Había
oído repetir tantas veces aquello de “¡qué bonita nos está quedando la ciudad!”,
él mismo lo había dicho tantas veces como si fuera el eco de una propaganda bien hecha, que una
tarde, así sin más, decidió salir a pasear y gozar de su ciudad.
Se dirigía
hacia el metro, sin ninguna prisa, cuando se encontró en medio de una
estructura de metal que no le dejaba paso por ninguna parte. Las barras de
aquel andamiaje que llegaban casi hasta la carretera ni siquiera permitían ver,
hacia arriba, la que envolvían.
Tuvo
que salir a la carretera para dejar paso libre a la mujer y los niños que
venían de frente.

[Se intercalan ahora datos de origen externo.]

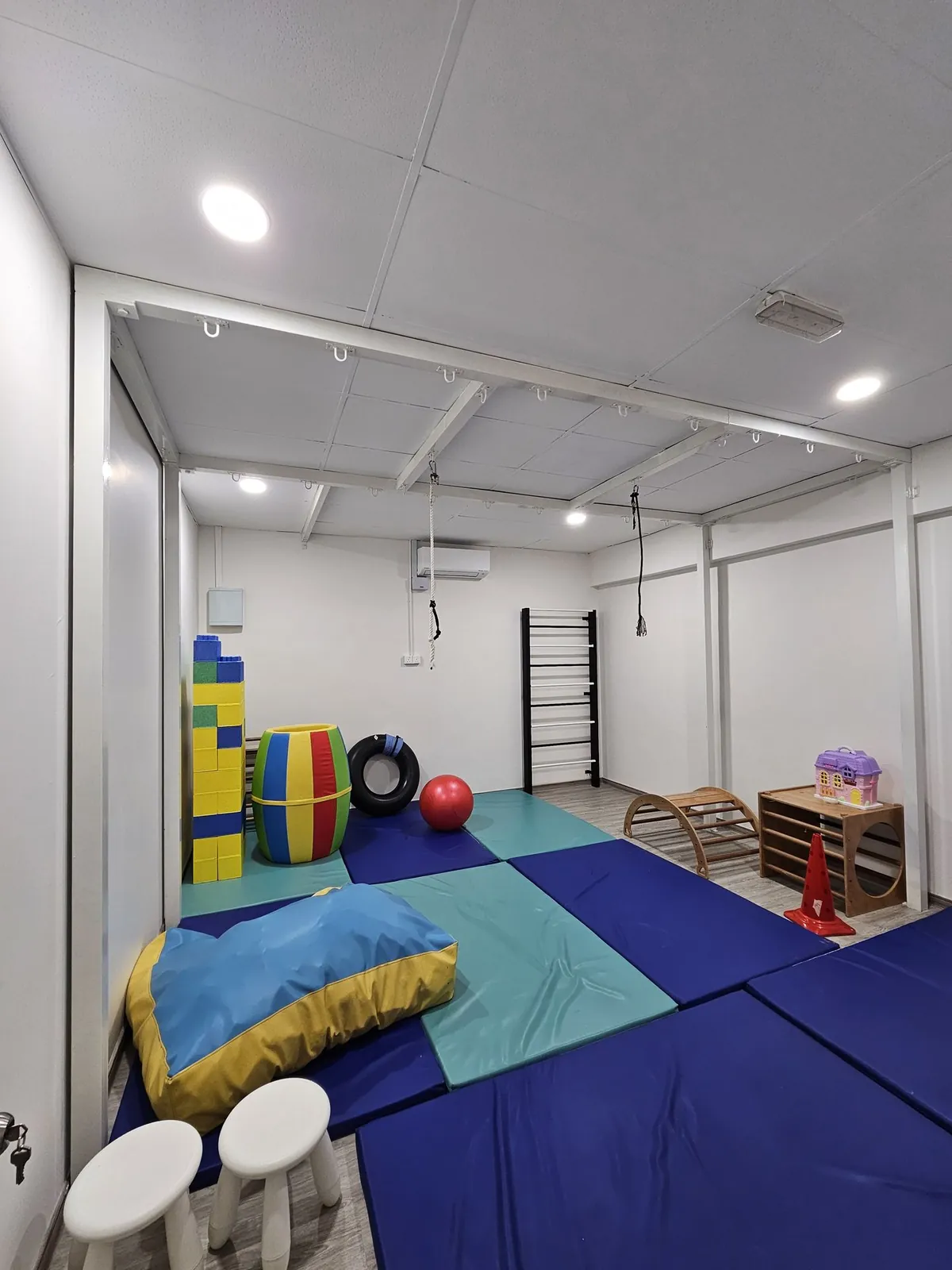 Beready Occupational Therapy Centre 铺蓝绿色软垫和肋木的治疗室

Era eso o retroceder hasta el comienzo del largo túnel en que habían convertido la acera de la calle
central de su barrio.
Cuando
quiso recobrar la parte dedicada en exclusiva a los peatones, se tropezó con la
pared trasera, eso sí de lona nada peligrosa, de la terraza que el bar más próximo al portal
de la casa por arreglar había montado para aprovechar las bonitas tardes que,
decían, se aproximaban en el tiempo. O, al menos, para que la aprovecharan los
fumadores y gastaran allí su dinero.
Lo
consiguió justo en el momento en que del supermercado contiguo salían dos
grandes carretillas vacías. Su volumen y su necesidad de movilidad hacían
imposible cruzarse con ellas. Volvió a la carretera en el momento en que una
bicicleta le doblaba por su izquierda sin haberla visto. Quiso el cielo que no
derribara al ciclista y todo se quedara en un susto.
Ya
podía seguir su camino al metro. Sólo debía sortear unos cuantos grupos de
transeúntes que habían dado en encontrarse (de seis en seis, de ocho en ocho)

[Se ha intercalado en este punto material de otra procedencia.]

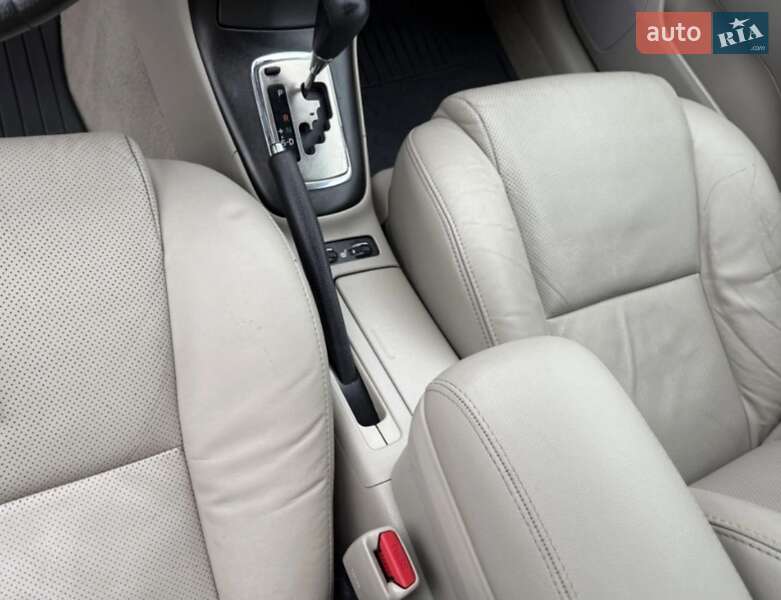 Седан Toyota Avensis 2003 в Львове фото 2 Седан Toyota Avensis 2003 в Львове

sin que se hubieran visto en mucho
tiempo. Dejados atrás los grupos de amigos reencontrados, llegó a la altura de
la siguiente cafetería. No había terraza a la vista, únicamente tres o cuatro
mesas dispersas rodeadas de varias sillas cada una. En una de ellas habían
acampado un par de matrimonios jóvenes que trataban de hacer que sus vástagos
merendaran sin apearse de sus respectivas motos y patinetes.
Saltó,
esquivó, se movió con toda la rapidez y agilidad que pudo. Dobló la esquina y
pensó que, por ese día, la experiencia ya bastaba. No había disfrutado mucho de
su ciudad, quizás no había acertado con el barrio adecuado, pero dio gracias a los dioses (esta vez
disfrazados de alcalde) porque comprendió que la vida le estaba resultando un
poco más barata. Las tasas por obras y servicios, que, sin duda, el
ayuntamiento recaudaría como impuestos por alquilar su suelo del alcalde no,
suyo de él), servirían para que disminuyeran los impuestos que él había de
pagar en aquella ciudad en la que vivía, disfrutaba y votaba. ¿O no?